## Work item:
Where does the word "Aleph" occur in the material? Copy each line that has it.
*** Data to use ***
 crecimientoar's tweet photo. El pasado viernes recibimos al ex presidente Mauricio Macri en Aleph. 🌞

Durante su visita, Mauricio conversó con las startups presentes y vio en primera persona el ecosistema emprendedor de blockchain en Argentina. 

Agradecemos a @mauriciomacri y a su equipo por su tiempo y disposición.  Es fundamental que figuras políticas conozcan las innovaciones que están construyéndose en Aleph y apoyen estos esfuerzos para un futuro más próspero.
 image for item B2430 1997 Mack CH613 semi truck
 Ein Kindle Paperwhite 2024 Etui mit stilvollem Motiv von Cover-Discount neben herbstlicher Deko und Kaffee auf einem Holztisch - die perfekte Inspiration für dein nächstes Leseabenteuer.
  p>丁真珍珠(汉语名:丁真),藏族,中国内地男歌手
*** End of Data to use ***
*** Data to use ***
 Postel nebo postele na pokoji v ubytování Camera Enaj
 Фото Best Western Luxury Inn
*** End of Data to use ***
## Expected answer:
 crecimientoar's tweet photo. El pasado viernes recibimos al ex presidente Mauricio Macri en Aleph. 🌞
Agradecemos a @mauriciomacri y a su equipo por su tiempo y disposición.  Es fundamental que figuras políticas conozcan las innovaciones que están construyéndose en Aleph y apoyen estos esfuerzos para un futuro más próspero.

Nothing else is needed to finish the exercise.